> **AIM OF THE TASK**
With pictures excluded, give again exactly the lines running from the one holding "பண்பொழி திருமலை கோயிலுக்கு" through the end of the listing below.

--

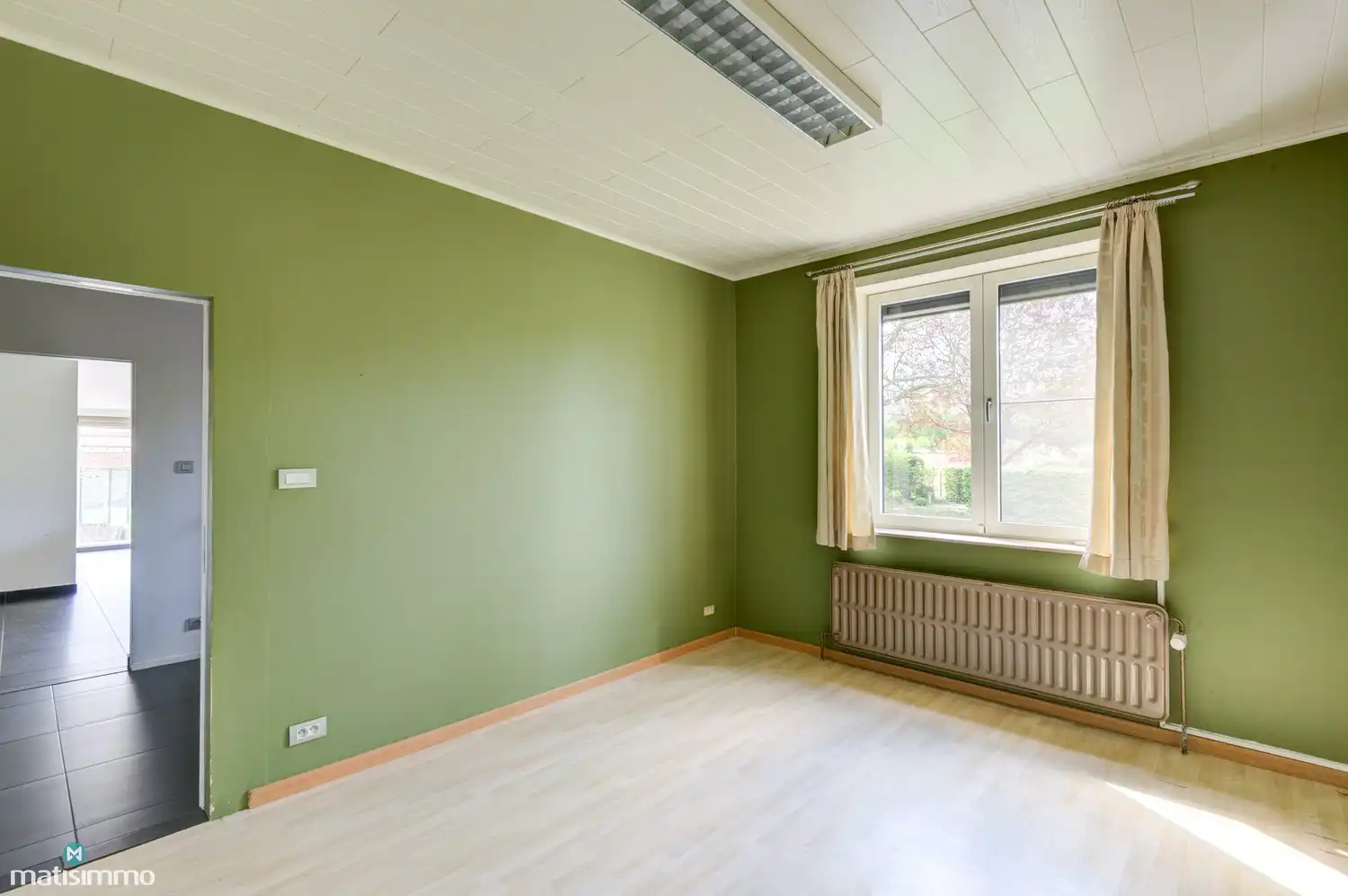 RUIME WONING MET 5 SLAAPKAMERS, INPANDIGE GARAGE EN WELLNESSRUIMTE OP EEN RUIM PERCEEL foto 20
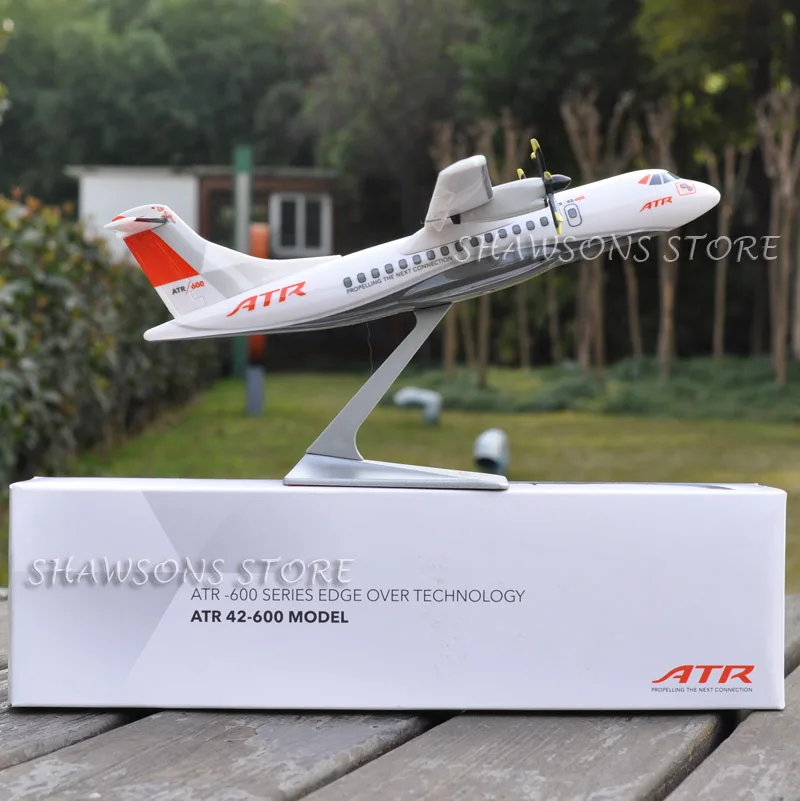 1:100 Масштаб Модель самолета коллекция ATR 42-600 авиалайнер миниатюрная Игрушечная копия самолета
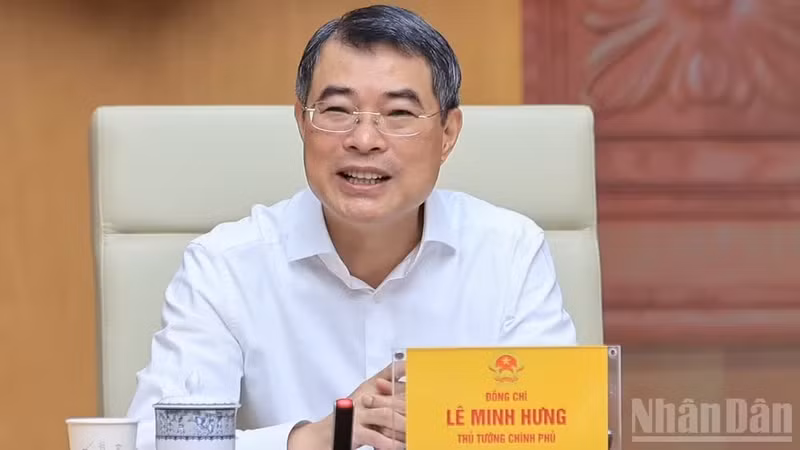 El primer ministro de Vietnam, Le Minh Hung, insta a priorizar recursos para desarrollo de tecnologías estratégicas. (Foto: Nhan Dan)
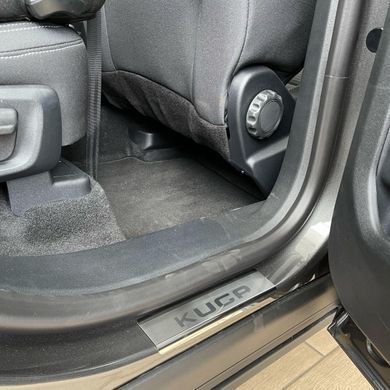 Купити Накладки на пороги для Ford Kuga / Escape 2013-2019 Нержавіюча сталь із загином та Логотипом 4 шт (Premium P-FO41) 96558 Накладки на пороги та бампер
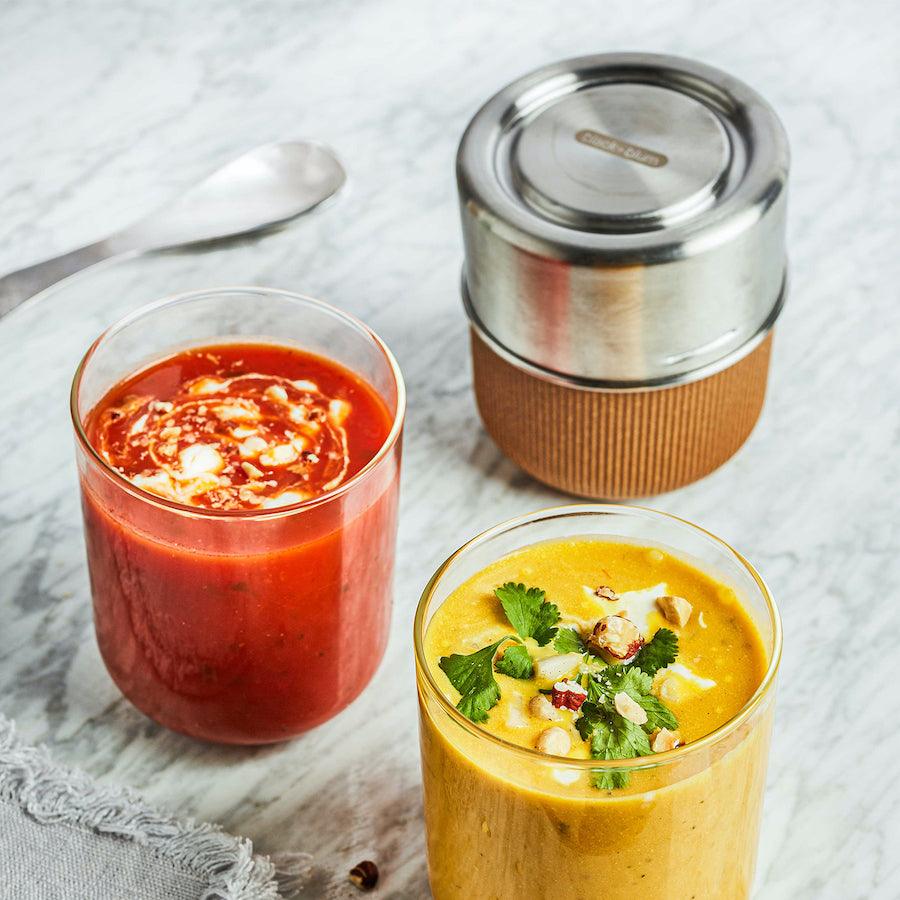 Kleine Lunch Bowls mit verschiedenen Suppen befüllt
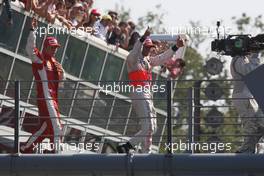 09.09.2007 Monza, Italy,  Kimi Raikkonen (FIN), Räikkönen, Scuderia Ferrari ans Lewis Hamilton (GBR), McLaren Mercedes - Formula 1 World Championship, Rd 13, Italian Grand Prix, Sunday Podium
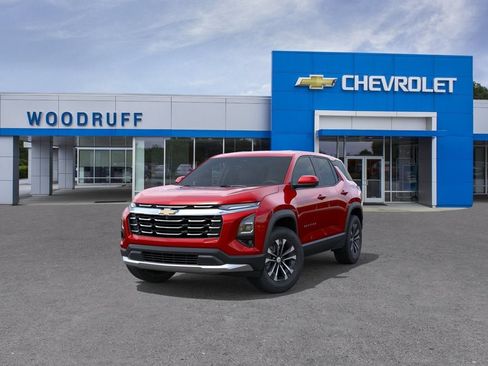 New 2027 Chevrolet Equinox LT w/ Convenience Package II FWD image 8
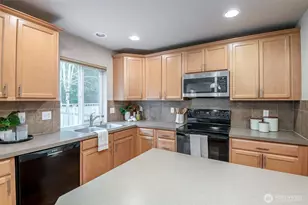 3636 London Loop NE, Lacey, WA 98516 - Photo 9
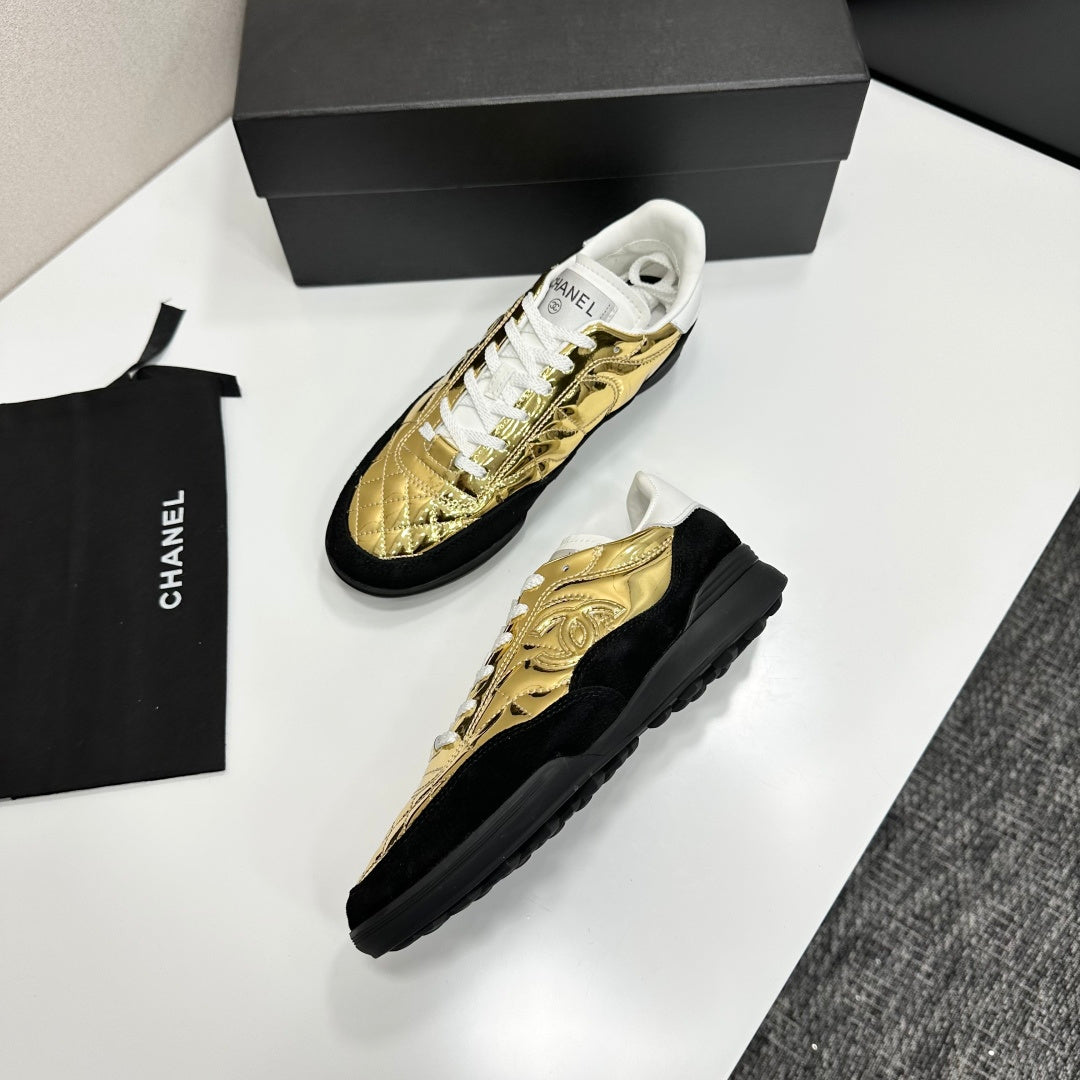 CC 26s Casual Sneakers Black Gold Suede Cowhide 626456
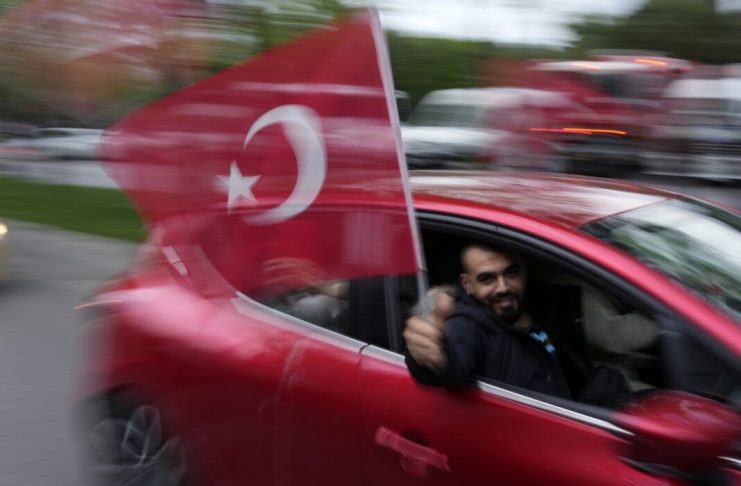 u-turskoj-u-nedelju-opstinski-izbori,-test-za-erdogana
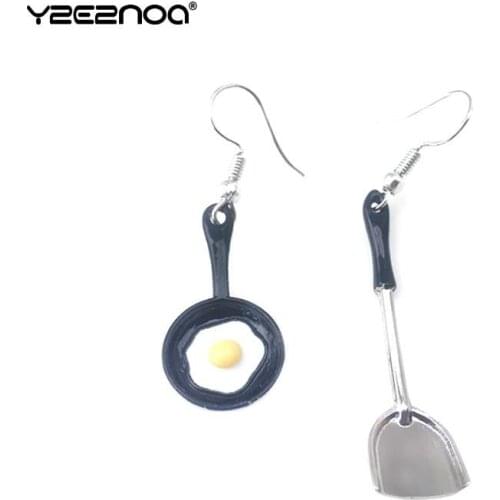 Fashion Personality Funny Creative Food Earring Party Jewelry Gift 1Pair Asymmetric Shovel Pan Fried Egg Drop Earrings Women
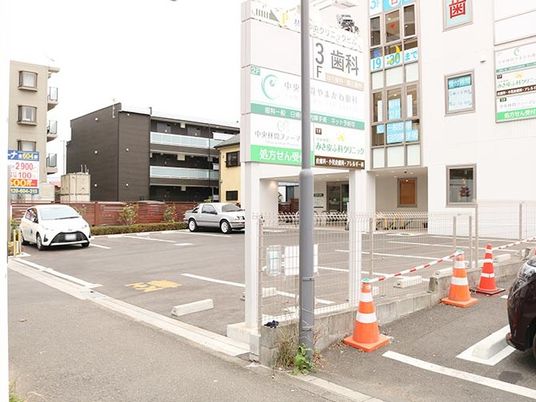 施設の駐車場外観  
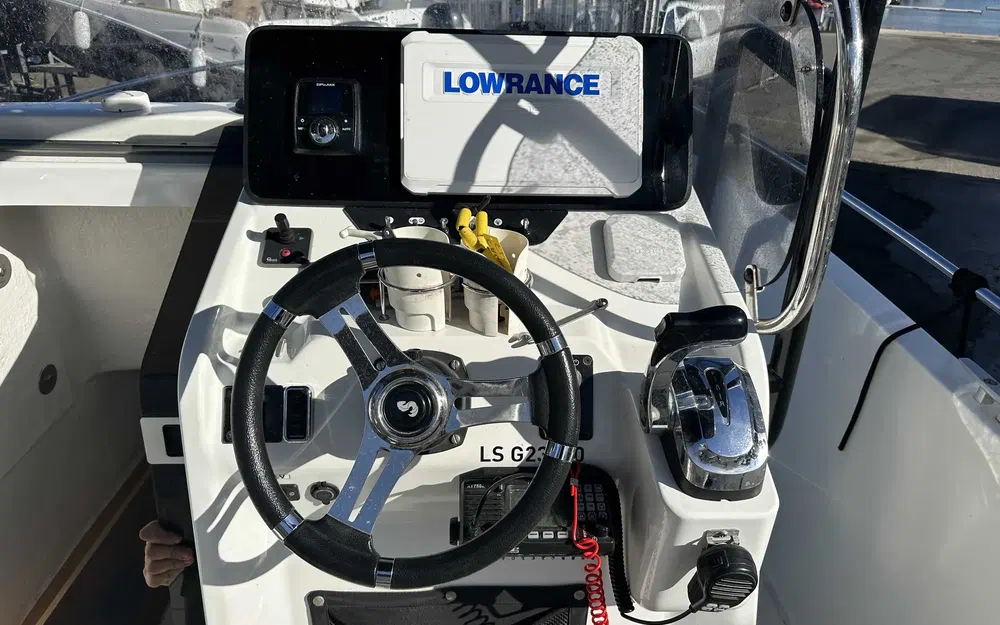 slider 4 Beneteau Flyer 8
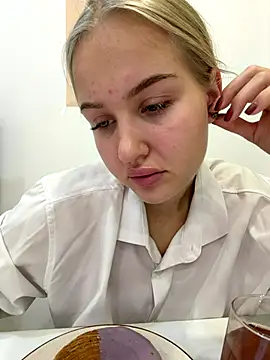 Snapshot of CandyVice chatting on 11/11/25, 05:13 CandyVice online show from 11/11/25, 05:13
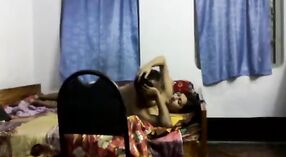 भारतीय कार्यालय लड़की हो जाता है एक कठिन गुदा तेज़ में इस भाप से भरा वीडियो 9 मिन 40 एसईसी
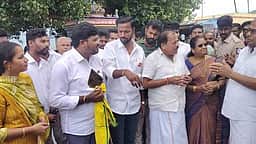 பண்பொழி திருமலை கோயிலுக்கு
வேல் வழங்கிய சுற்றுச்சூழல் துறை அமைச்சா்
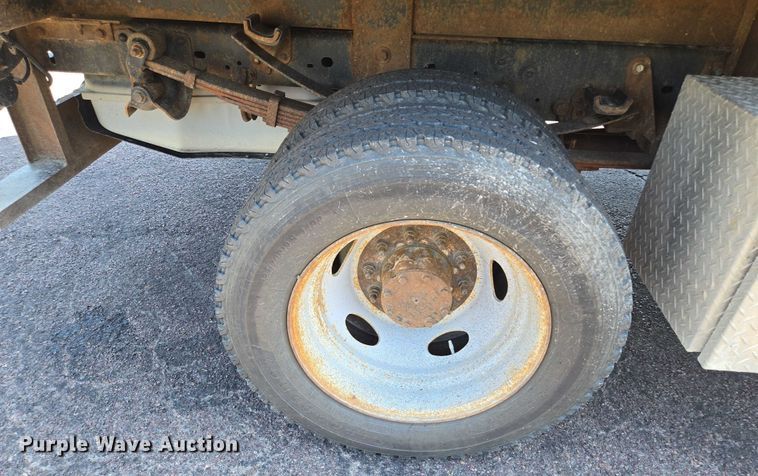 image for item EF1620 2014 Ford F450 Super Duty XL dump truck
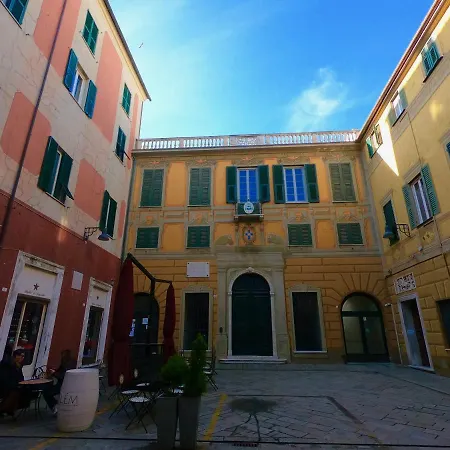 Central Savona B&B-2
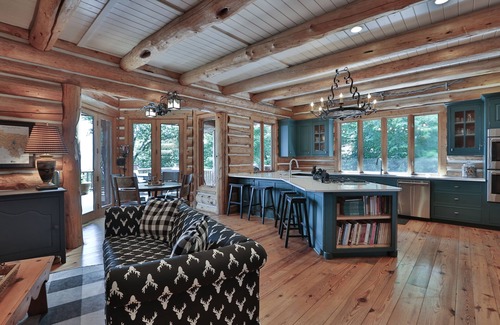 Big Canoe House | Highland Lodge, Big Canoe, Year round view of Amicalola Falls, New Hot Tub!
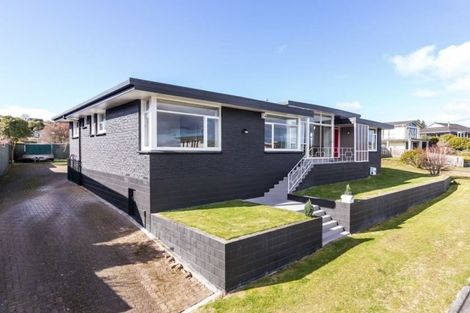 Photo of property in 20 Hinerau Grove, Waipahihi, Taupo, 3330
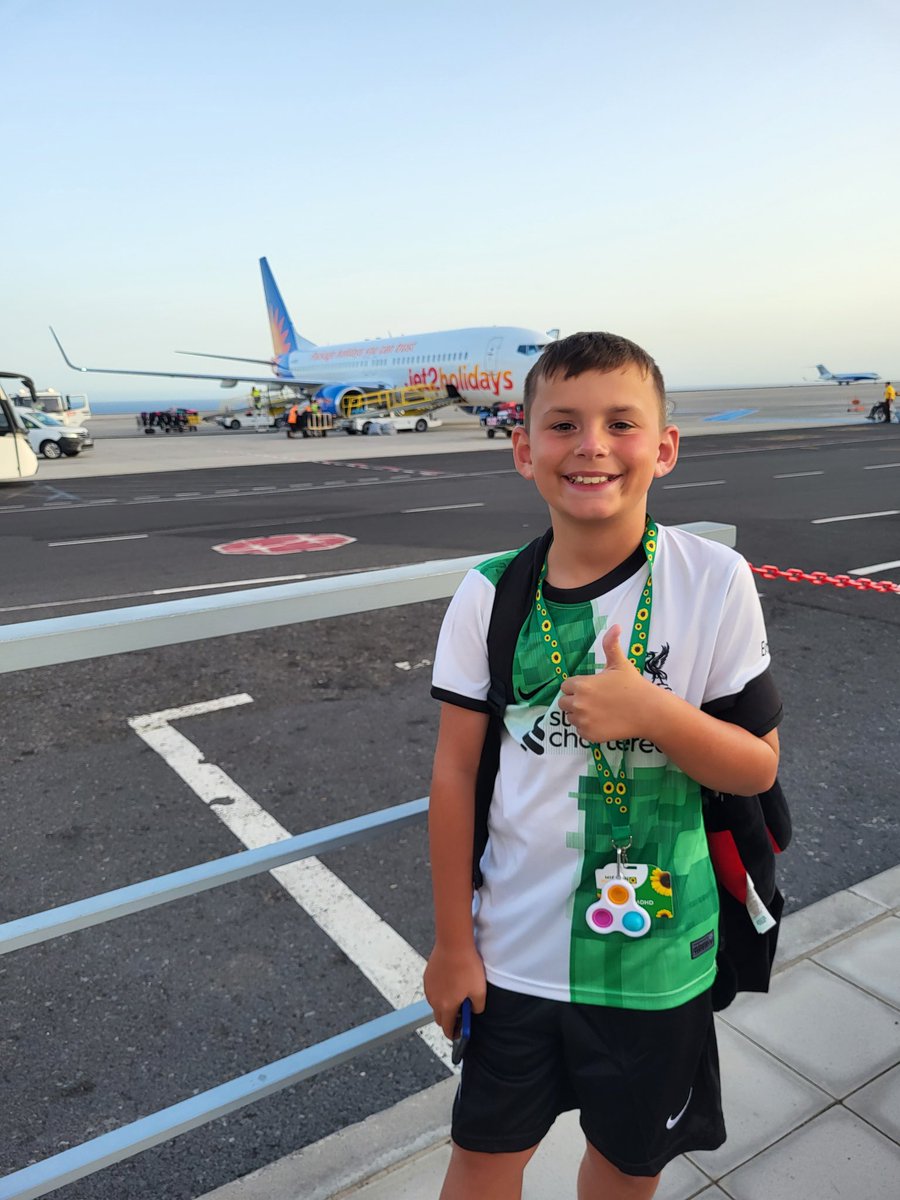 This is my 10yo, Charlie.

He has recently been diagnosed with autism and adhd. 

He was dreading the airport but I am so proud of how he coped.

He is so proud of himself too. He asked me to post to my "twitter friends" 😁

--

> **WRITTEN ANSWER**
 பண்பொழி திருமலை கோயிலுக்கு
வேல் வழங்கிய சுற்றுச்சூழல் துறை அமைச்சா்
 image for item EF1620 2014 Ford F450 Super Duty XL dump truck
 Central Savona B&B-2
 Big Canoe House | Highland Lodge, Big Canoe, Year round view of Amicalola Falls, New Hot Tub!
 Photo of property in 20 Hinerau Grove, Waipahihi, Taupo, 3330
 This is my 10yo, Charlie.

He has recently been diagnosed with autism and adhd. 

He was dreading the airport but I am so proud of how he coped.

He is so proud of himself too. He asked me to post to my "twitter friends" 😁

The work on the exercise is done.